2024-02-02 06:56:04

by Chen Yu

[permalink] [raw]
Subject: Managed interrupt spread based on Numa locality

Dear experts,

Recently we are evaluating some multi-queue NIC device drivers,
to switch them from conventional interrupt to managed interrupt.

In this way, the managed interrupts do not have to be migrated
during CPU offline, when the last CPU of the cpumask is offline.

This can save the space of vectors and help the hibernation put
every nonboot CPUs offline. Otherwise, an error would occur:
[48175.409994] CPU 239 has 165 vectors, 36 available. Cannot disable CPU

However after switching to the managed interrupt, there is a question
about the interrupt spreading among numa nodes.
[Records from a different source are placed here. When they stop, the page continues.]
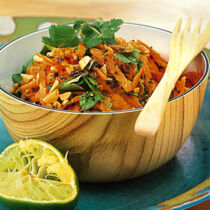 Möhren-Erdnuss-Rohkost Möhren-Erdnuss-Rohkost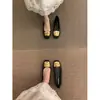 Zapatos Individuales de Moda para Mujer, Estilo Commuter, Puntera Cuadrada, Hebilla Metálica Decorativa, Boca Baja, Nuevos Estilos Primavera 2026, Planos Cómodos que No Cansan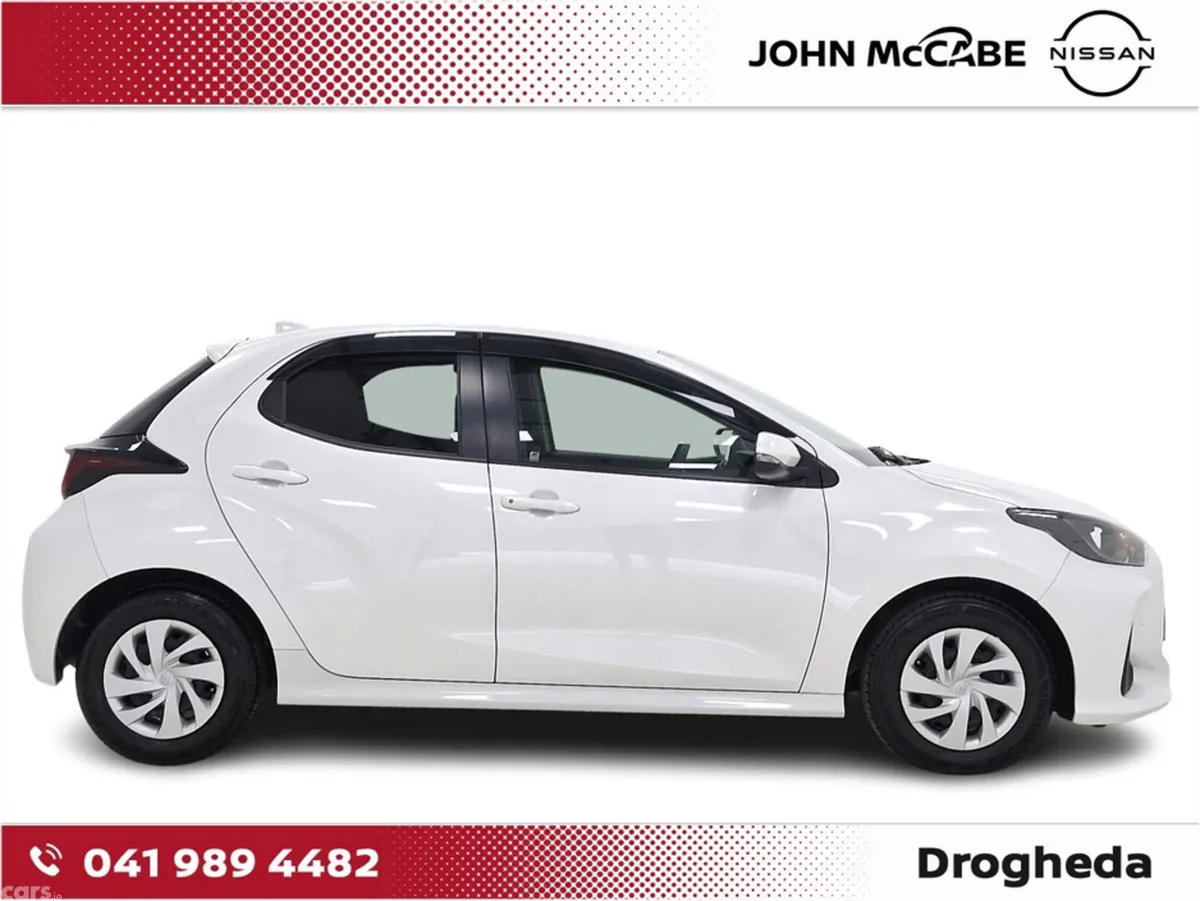 Toyota Yaris Hatchback, Petrol Hybrid, 2023, White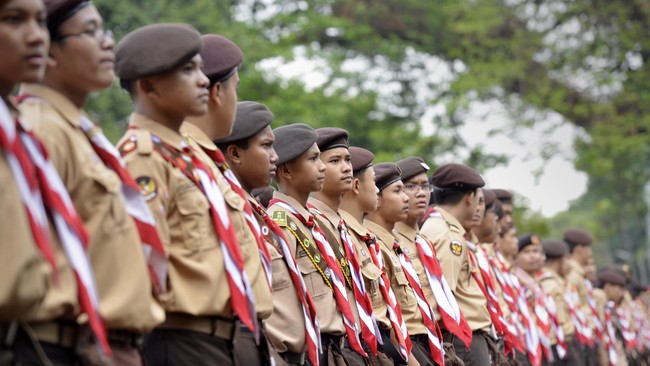 Apa yang kamu lakukan sepulang sekolah? Tidur siang yang lama atau hanya bermain gagdet? Bagaimana kalau bergabung ke kelompok ekstrakurikuler?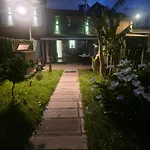 Privada Con Jardin Chimenea Y Parking En * آكورونيا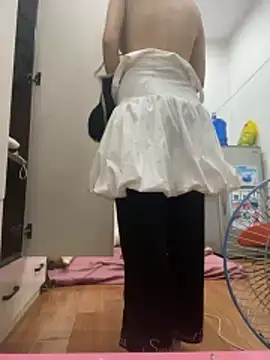 Miumieu online show from 7, 11, 2025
If the device d1 is attached to node n1, can d1's managed interrupts
be allocated on the CPUs of n1 first? In this way, we can let
the driver of d1 to allocate buffer on n1, and with the managed
interrupt of d1 delivered to CPUs on n1, the path of DMA->DRAM->CPU
->net_rx_action() would be Numa friendly.

Question:
Does it make sense to make the interrupt spreading aware of numa
locality, or is there existing mechanism to do this? The driver can provide
the preferred numa node in the struct irq_affinity->node, and passed it to
the managed interrupt spreading logic, then the interrupts are spread within
that node.

Thanks in advance.

diff --git a/lib/group_cpus.c b/lib/group_cpus.c
index aa3f6815bb12..836e9d374c19 100644
--- a/lib/group_cpus.c
+++ b/lib/group_cpus.c
@@ -344,7 +344,7 @@ static int __group_cpus_evenly(unsigned int startgrp, unsigned int numgrps,
* We guarantee in the resulted grouping that all CPUs are covered, and
* no same CPU is assigned to multiple groups
*/
-struct cpumask *group_cpus_evenly(unsigned int numgrps)
+struct cpumask *group_cpus_evenly(unsigned int numgrps, int node)
{
unsigned int curgrp = 0, nr_present = 0, nr_others = 0;
cpumask_var_t *node_to_cpumask;
@@ -370,9 +370,14 @@ struct cpumask *group_cpus_evenly(unsigned int numgrps)
cpus_read_lock();
build_node_to_cpumask(node_to_cpumask);

+ if (node != NUMA_NO_NODE)
+ cpumask_and(npresmsk, cpu_present_mask, node_to_cpumask[node]);
+ else
+ cpumask_copy(npresmsk, cpu_present_mask);
+
/* grouping present CPUs first */
ret = __group_cpus_evenly(curgrp, numgrps, node_to_cpumask,
- cpu_present_mask, nmsk, masks);
+ npresmsk, nmsk, masks);
if (ret < 0)
goto fail_build_affinity;
nr_present = ret;
--
2.25.1